As a rule, I avoid offering up opinions online, especially those that court controversy. They tend to become lightning rods for people with agenda’s and axes to grind. In reality, I’m just bored of the unimaginative rhetoric spouted by all sides of any well-travelled argument. Repeating what someone has said louder and with more venom is just self-indulgent at best, at worst it just drowns out that one voice that might be offering up something new. Not that I’m offering anything new, as I will now demonstrate below 😉
How much control do you believe you have over your own life?
My background and passion is computing and I tend to see the world a little in those terms. If I was writing a program I’d consider I had control when I controlled all the variables. A fool’s errand for even the most modest applications.

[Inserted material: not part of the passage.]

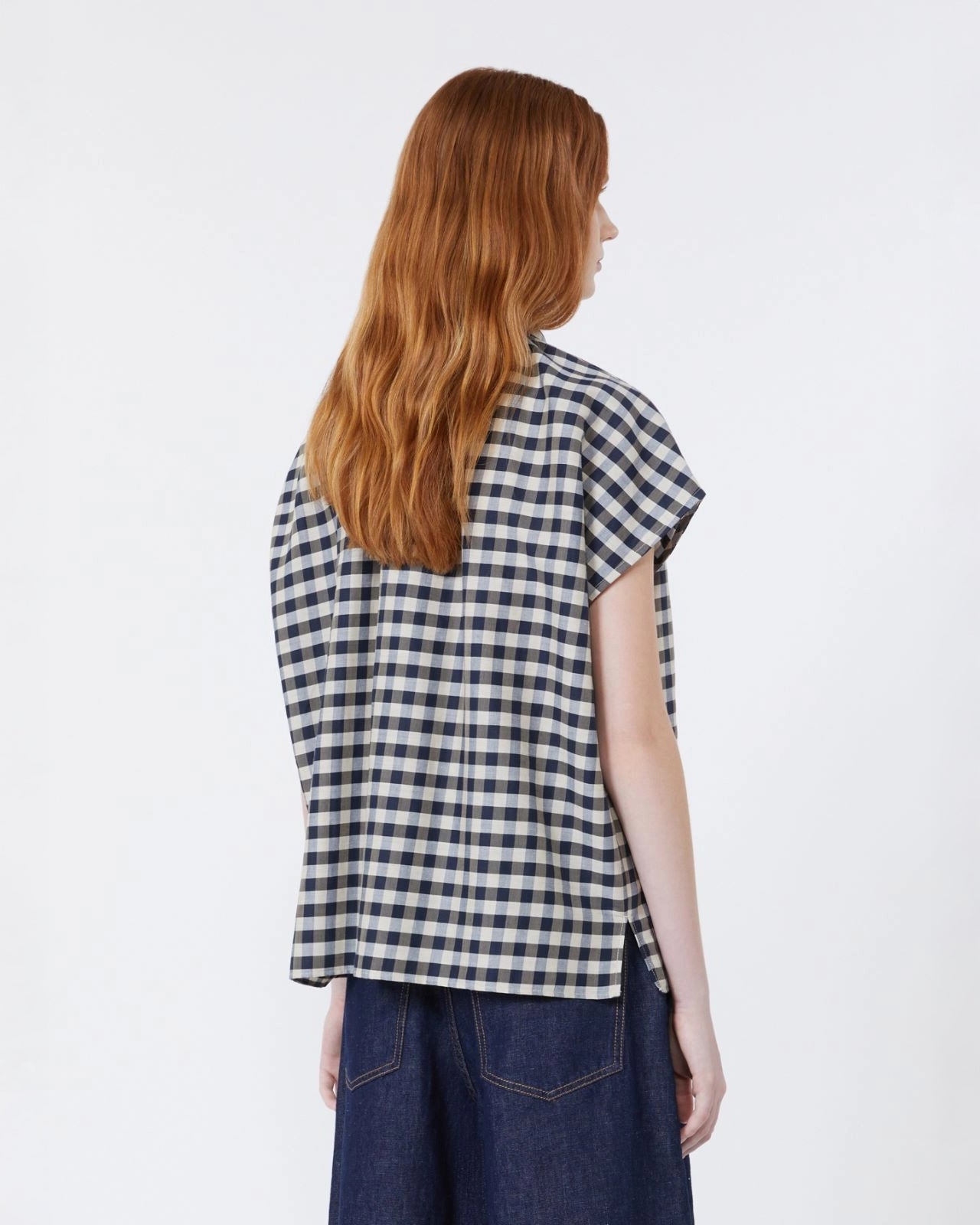 Strano Gingham Check Shirt - Navy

Trying to apply this idea of control to the real world, well I think Eric Idle’s inspired Galaxy Song captures it beautifully. That is to say, what control does a speck, sitting on a speck, rotating around a slightly bigger speck really have? Add to this chaos the accident of your birth, your upbringing, political, economic, geographical, social factors and it’s an ocean of variables beyond any hope of control.
Who wouldn’t throw their hands in the air and shake a fist at the cosmos’ cruel game? Except that’s not the case is it? Go on try it yourself, poke the person next to you, take another sip of your coffee, do a little dance (but don’t overdo it, you might get out of control). It’s too easy to say we don’t have control when in many instances we do.
We just don’t get to control everything, and just as well, we are fickle motes. Pity a universe that would dance to our tune, as you pity our world today. There’s a reason we don’t have total control, it’s the same reason you don’t give children matches. So I am thankful that I (and we) don’t have control of everything.
To get back to the question at hand and skip the metaphysical ramblings. Do I have control of my life? I do. I decide when I sleep, what I eat and what I do with my time. There are many who don’t even have these luxuries, so I’m grateful for that. I’ve been lucky, my starting hand was better than many, no silver spoon but everything that really mattered.
I can control the little variables, although you’d question that if you saw me dance. I can’t control the big cosmic variables, so I treat them as constants. i.e. avoid sweating the small stuff and worrying about the stuff you can’t control. That leaves the pesky middle-ground, that’s what keeps us all up at night.
To my mind, control and by extension freedom is about choice. Every day I make choices, those choices in some instances open and close various doors. If there’s a trick to life it’s figuring out strategies that ensure you open more doors than you close. I’d rather be standing in a room with a dozen doors than be staring at a single door I don’t want to walk through, or worst.
What’s my point here? It’s simply that I believe I have control all the time there are choices/doors. Some of my doors have been obtained through luck, but far more are the result of deliberate well-weighed choices along the way.
I’m under no illusions though, in the long run, no one wins this particular game. You can make every right move, be a king or a pauper, all eventually will stand in a room with no doors. Checkmate! The only real trick is to ensure you have as many doors in front of you for as long as you can and that you take a moment or two to enjoy them along the way.